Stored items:
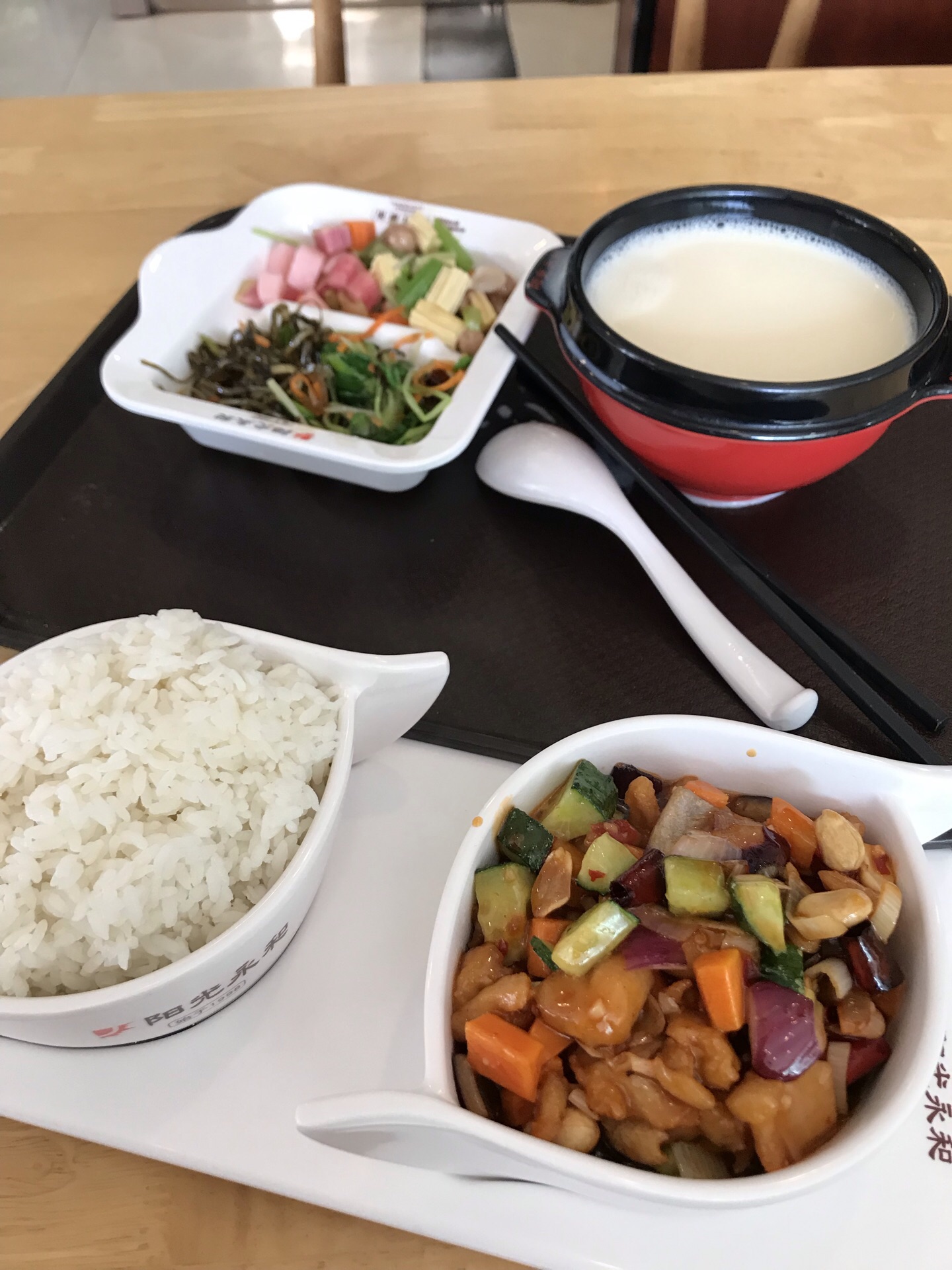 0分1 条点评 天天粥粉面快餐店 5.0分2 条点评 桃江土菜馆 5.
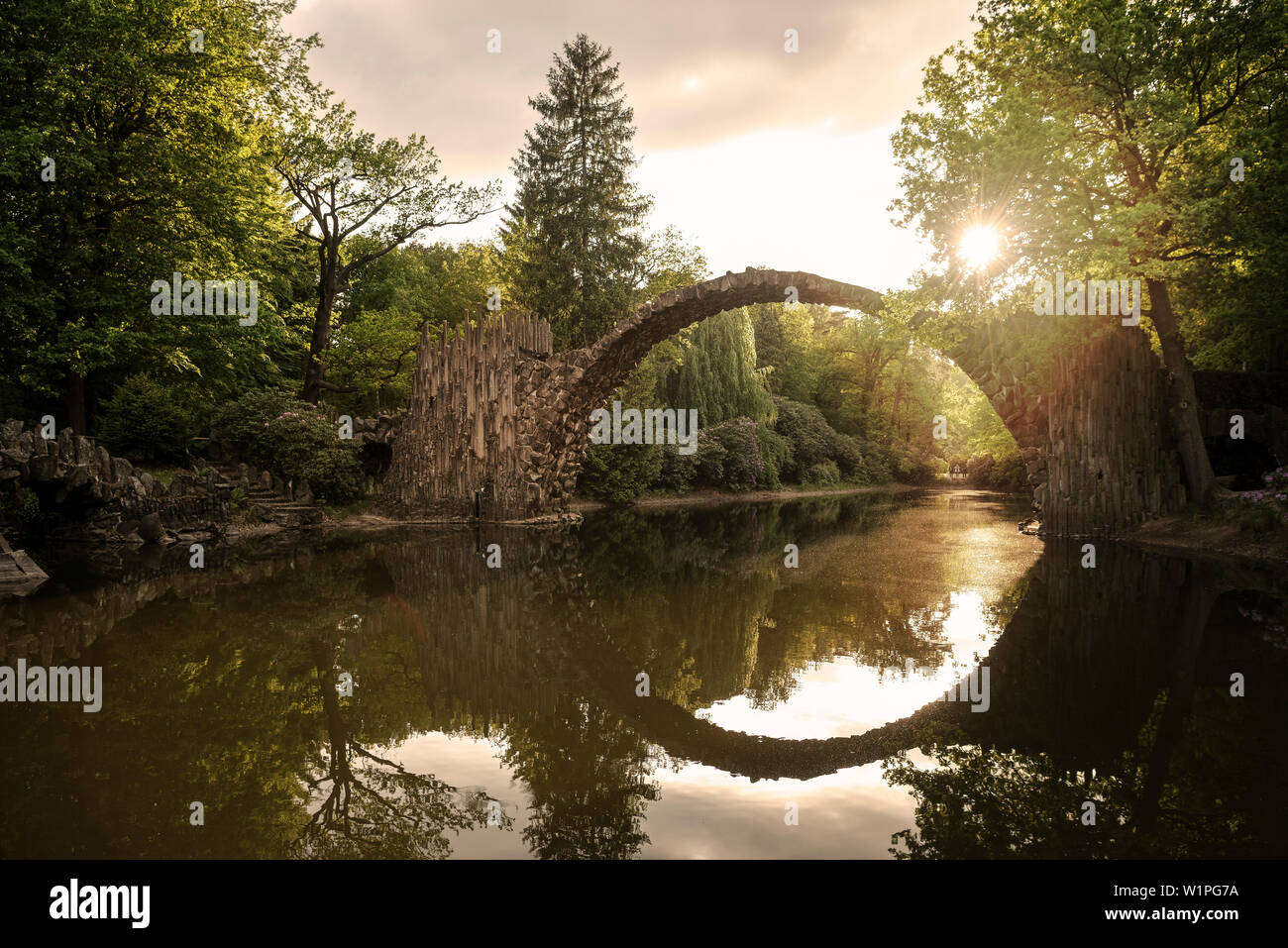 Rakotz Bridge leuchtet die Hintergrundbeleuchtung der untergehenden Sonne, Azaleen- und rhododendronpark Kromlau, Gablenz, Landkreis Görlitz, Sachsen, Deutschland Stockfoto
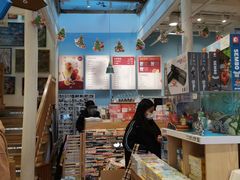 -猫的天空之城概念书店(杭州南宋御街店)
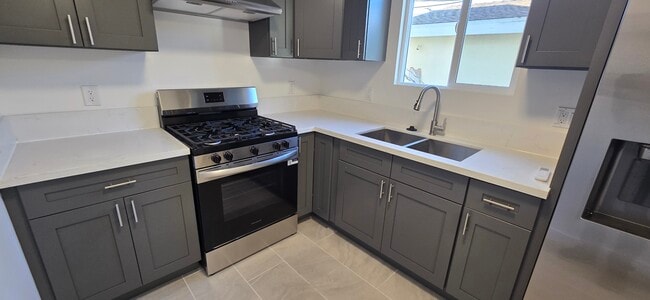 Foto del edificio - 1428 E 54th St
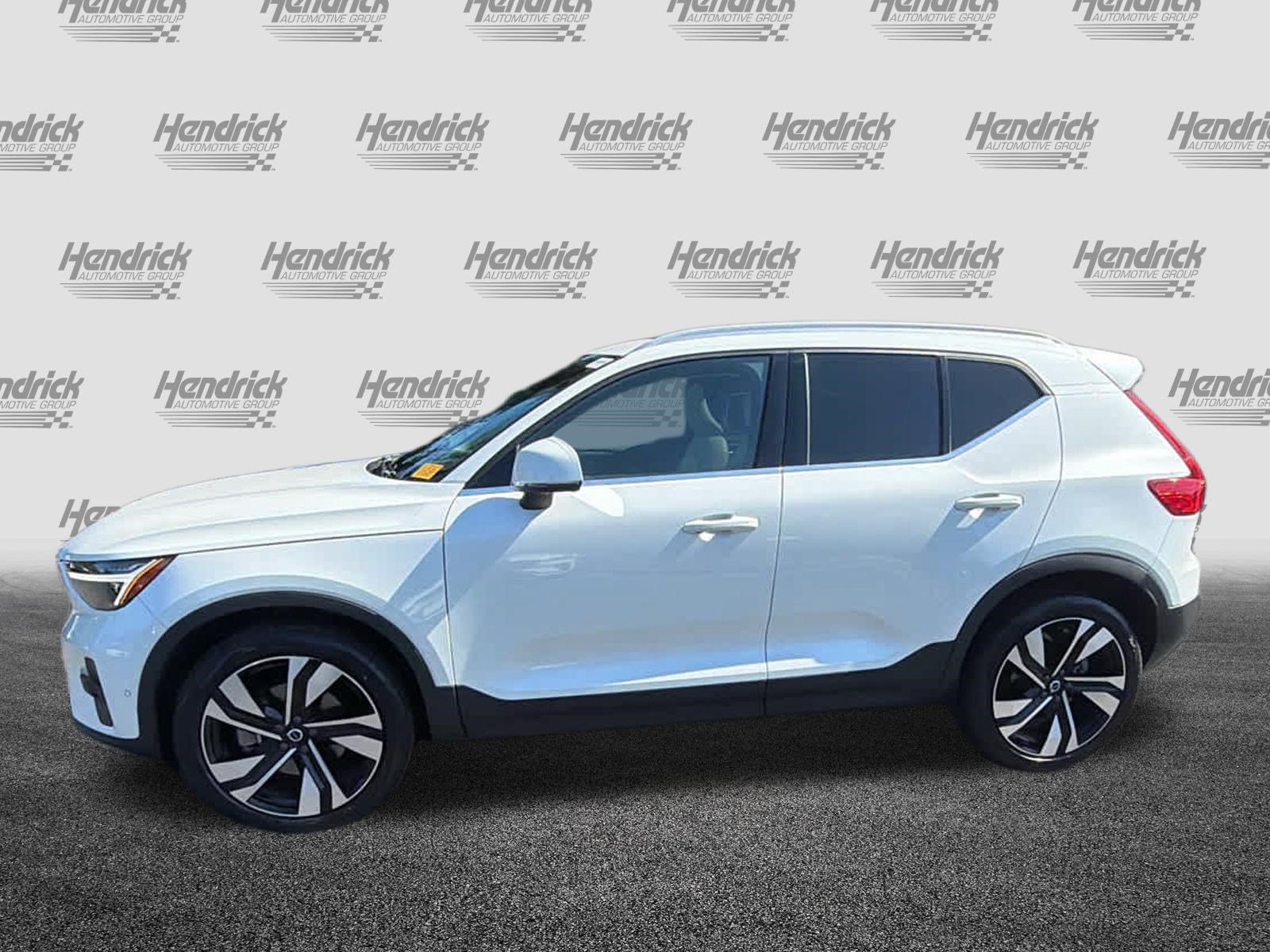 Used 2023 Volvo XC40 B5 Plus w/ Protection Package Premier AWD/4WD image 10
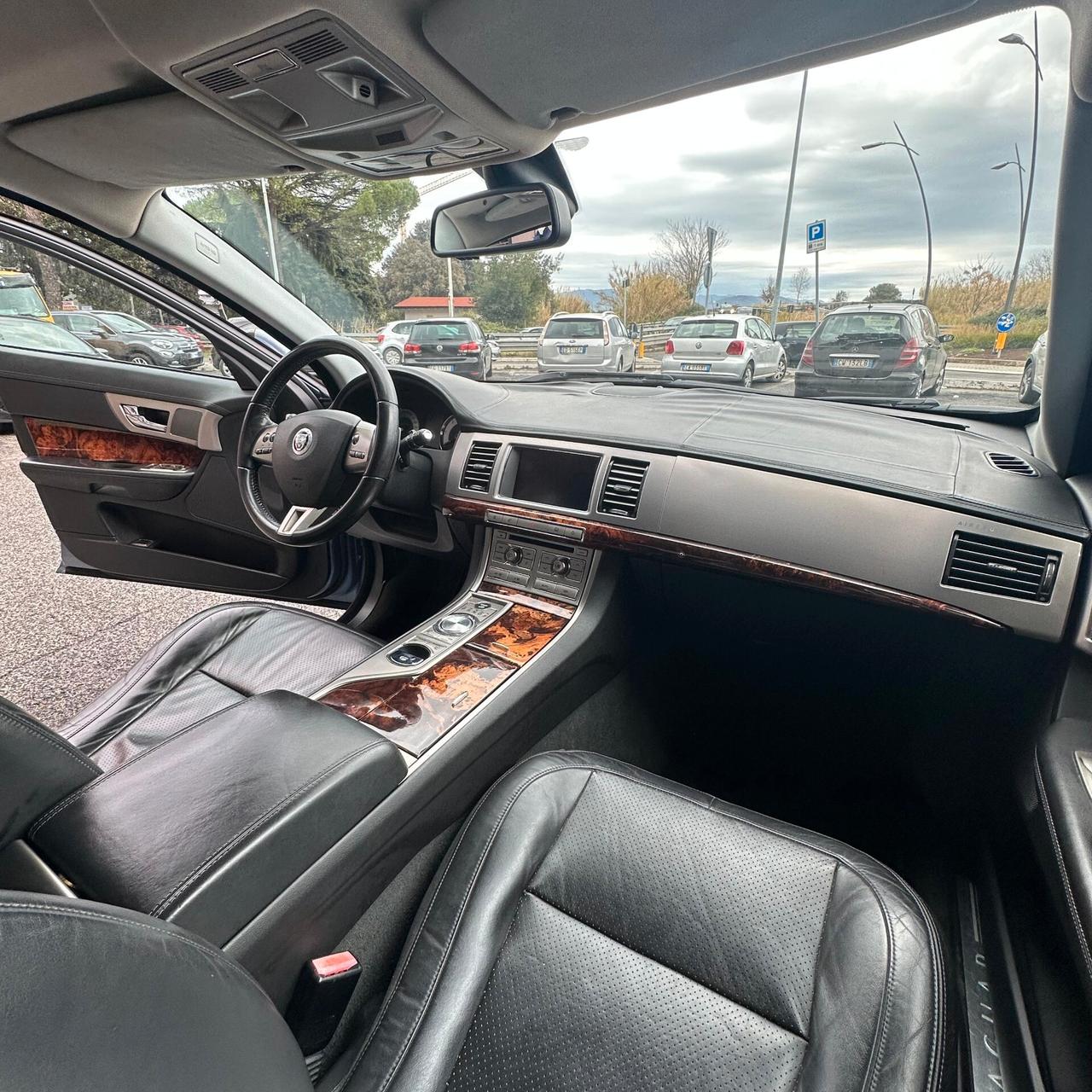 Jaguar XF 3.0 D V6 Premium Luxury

_Exercise details_
With the pictures left out, transcribe exactly the lines from the line holding "Rakotz Bridge leuchtet" through the closing line of the entries.

_Response_
 Rakotz Bridge leuchtet die Hintergrundbeleuchtung der untergehenden Sonne, Azaleen- und rhododendronpark Kromlau, Gablenz, Landkreis Görlitz, Sachsen, Deutschland Stockfoto
 -猫的天空之城概念书店(杭州南宋御街店)
 Foto del edificio - 1428 E 54th St
 Used 2023 Volvo XC40 B5 Plus w/ Protection Package Premier AWD/4WD image 10
 Jaguar XF 3.0 D V6 Premium Luxury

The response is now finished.